Table 6 summarizes the energy consumption estimation associated with each attribute on the tree. In particular, we can observe that the attributes corresponding to the GPS and PhoneStatus present the highest energy consumption values.
4.2.3. Proposed Tree and Performance Improvement
Once we obtained the computation time overhead and the energy consumption associated with each attribute, our next goal was to propose an alternative decision tree that is more resource efficient. For this purpose, we designed a tree in such a way that its elements are organized and balanced according to the desired objective of reducing time and energy overhead. In particular, for the
TaskDate,
Speaker,
Music,
ActiveCall,
PhoneStatus, and
Location attributes, we followed a sequential order by considering the computation time calculated earlier.
Figure 7 shows the proposed decision tree which, similarly to the J48 algorithm, can achieve a decision accuracy of 100%. Notice that, in this alternative tree, the location attribute is located near the tree bottom, thereby optimizing the overall system resources whenever a previous attribute allows discarding the noise sampling procedure by not meeting the required conditions. Besides, we can observe that the area attribute remains just below the location attribute due to its direct dependency, being this an attribute with a lower computation time, but nevertheless highly relevant in terms of the final decision.
To gain further insight into the performance gains achieved,
Figure 8 shows a comparison of the accumulative computation time and energy consumption for both our proposed tree and the automatically generated trees.
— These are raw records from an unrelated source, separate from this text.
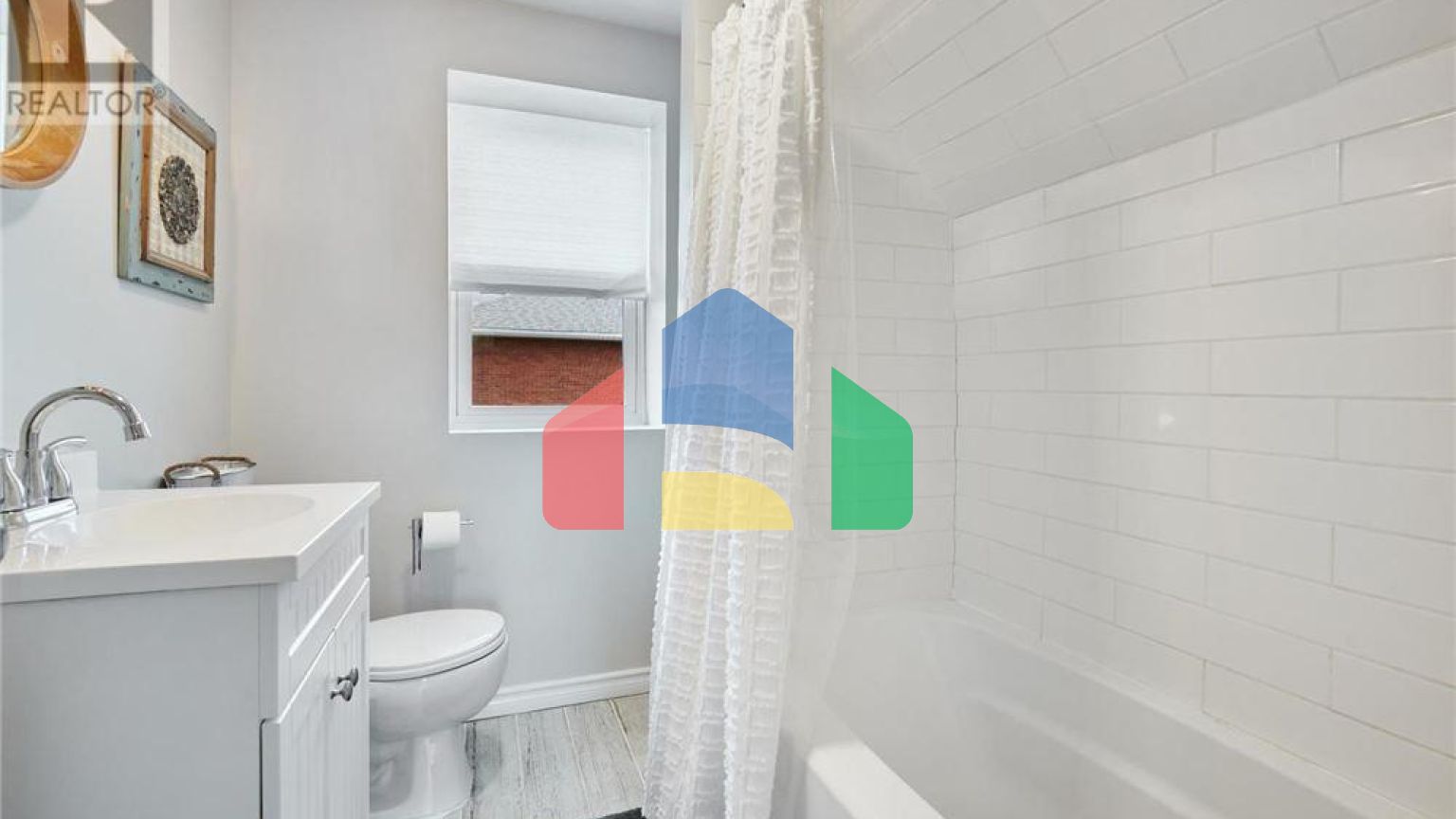 Residential - Single Family Home - Renfrew, Canada - Canada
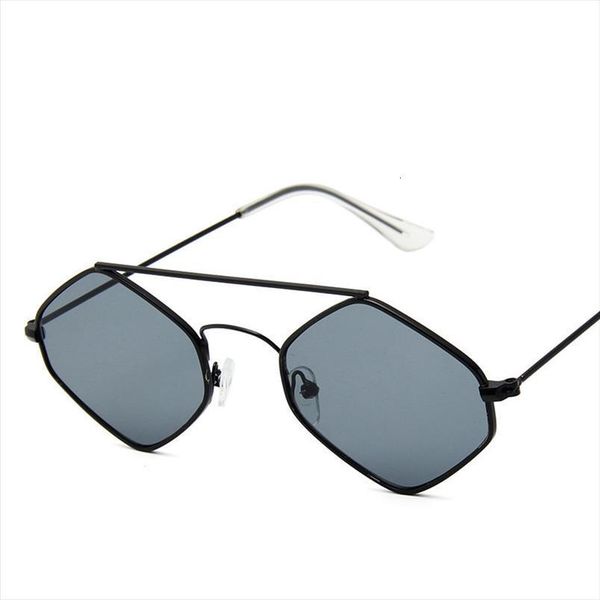 latest model trend small frame womens sunglasses fashion metal glasses personality lady uv multicolor, White;black
latest model trend small frame womens sunglasses fashion metal glasses personality lady uv multicolor, White;black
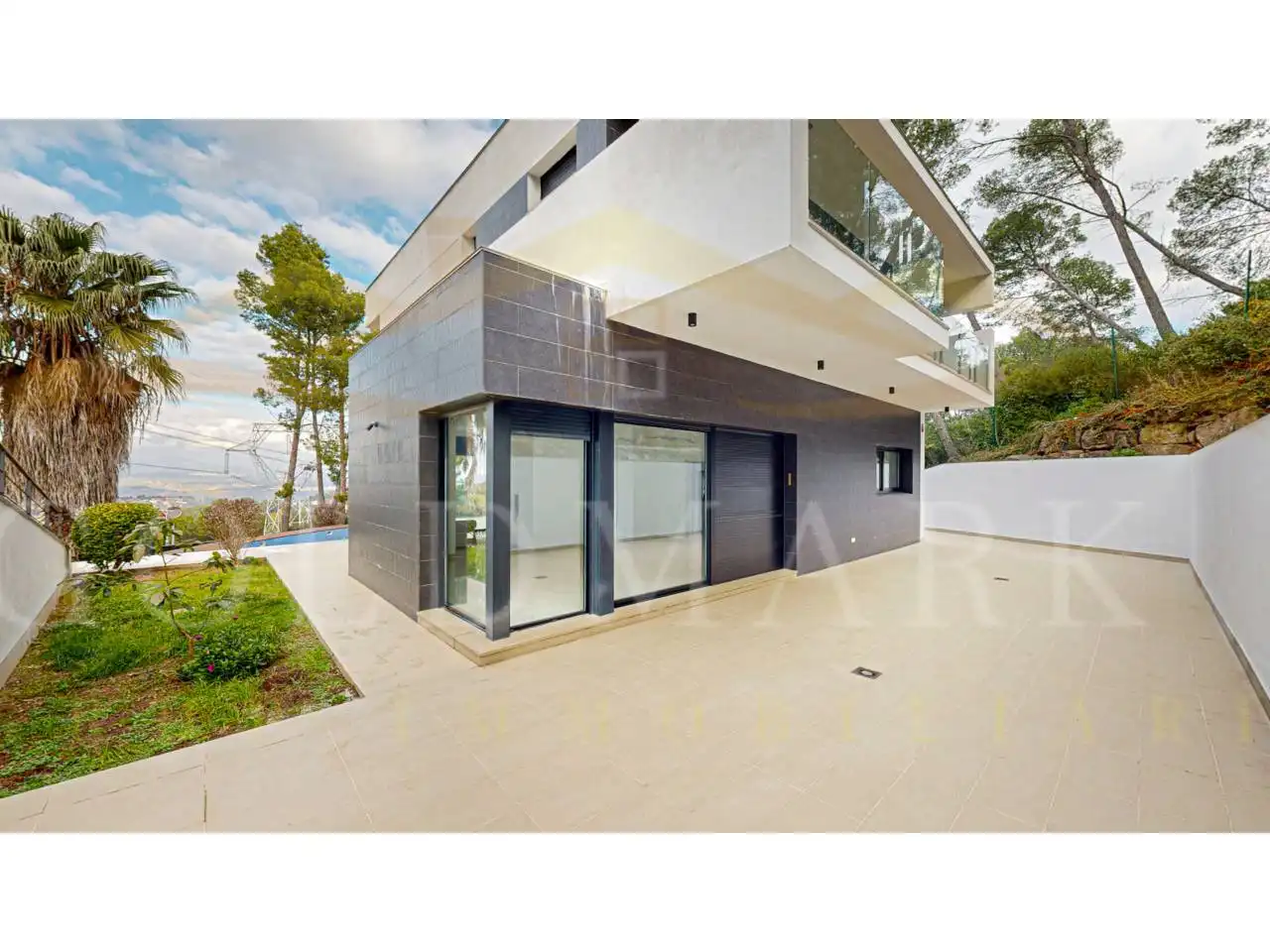 Vista exterior de Casa o xalet en venda en Corbera de Llobregat amb Aire condicionat, Calefacció i Jardí privat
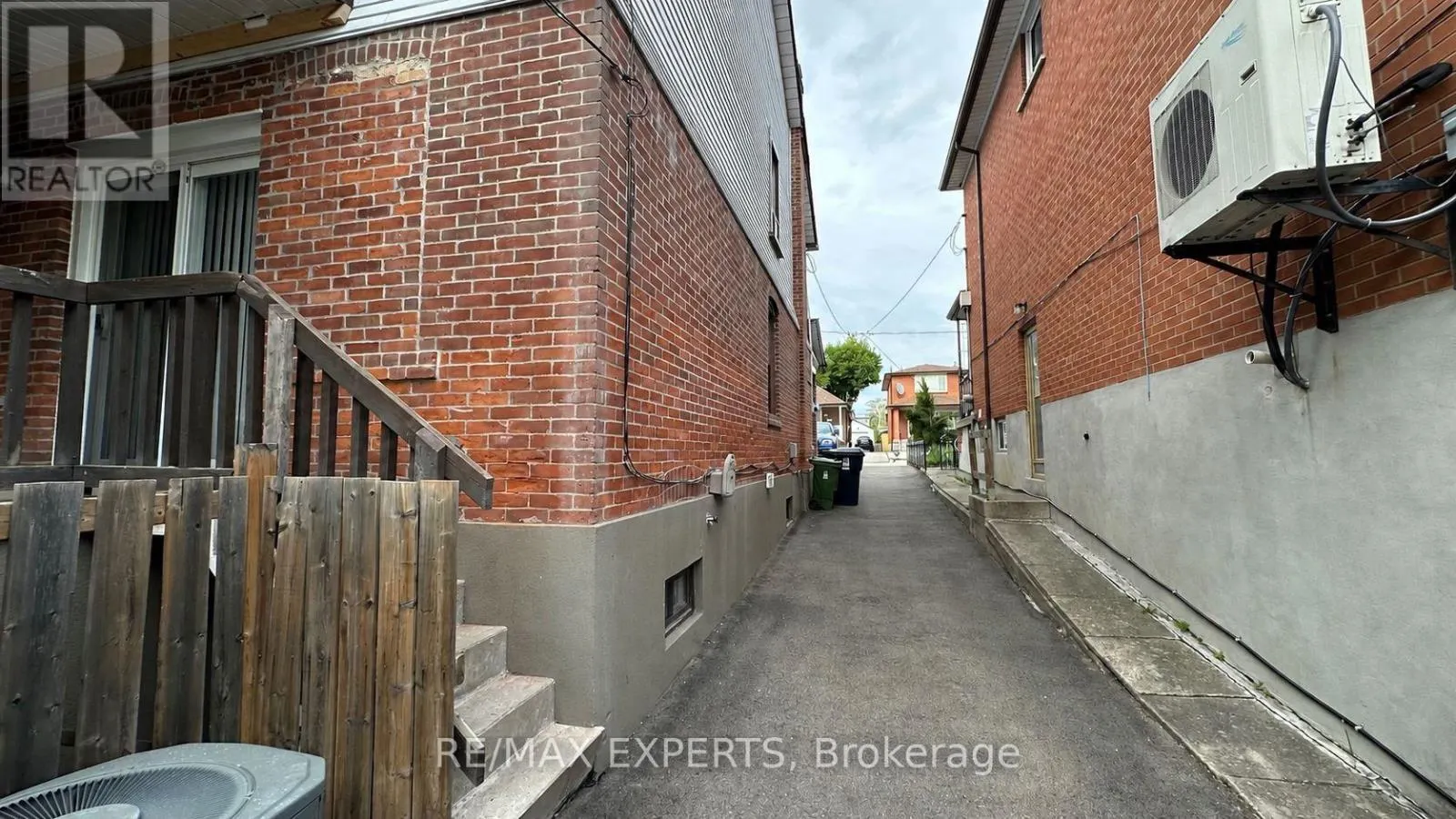 26 GRANDVILLE AVENUE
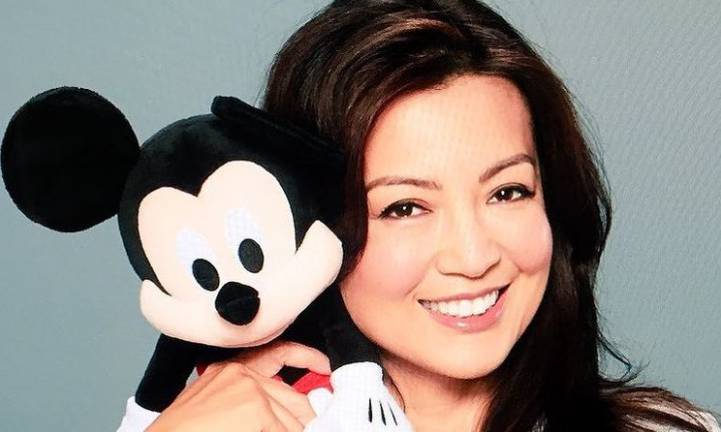 Ming Na Wen's Height & Weight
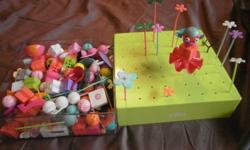 Ello building set for girls. Lots of peices. $5.00 Must pick up.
Increasing tree element Ids correspond to progressing along the tree, from top to bottom. In particular,
Figure 8a shows that our proposal presents a much lower time overhead compared to the two candidate trees, being that high periods of activity only take place whenever it becomes indispensable (near the bottom of the tree); specifically, the first tree elements introduce a lower time overhead compared to the others. In
Figure 8b we find a behaviour that is similar to the previous one, although it now represents the overall energy consumption associated with the proposed and automatically generated trees.
Finally,
Table 7 summarizes the performance benefits introduced by our alternative decision tree. In particular, it shows both the accumulated and average values for the time overhead and energy consumption associated with the three decision trees being compared. We find that our tree is 57.81% and 58.70% lower than the RandomTree algorithm regarding computation time and average energy consumption, respectively. For the J48 tree, improvements are further boosted by 60%, while maintaining the same decision accuracy.
Overall, we consider that the process followed in this paper to achieve a tree that is both precise and resource efficient is critical to enable the development of a crowdsensing application aiming at a widespread adoption and usage, a problem to be discussed in the next research steps.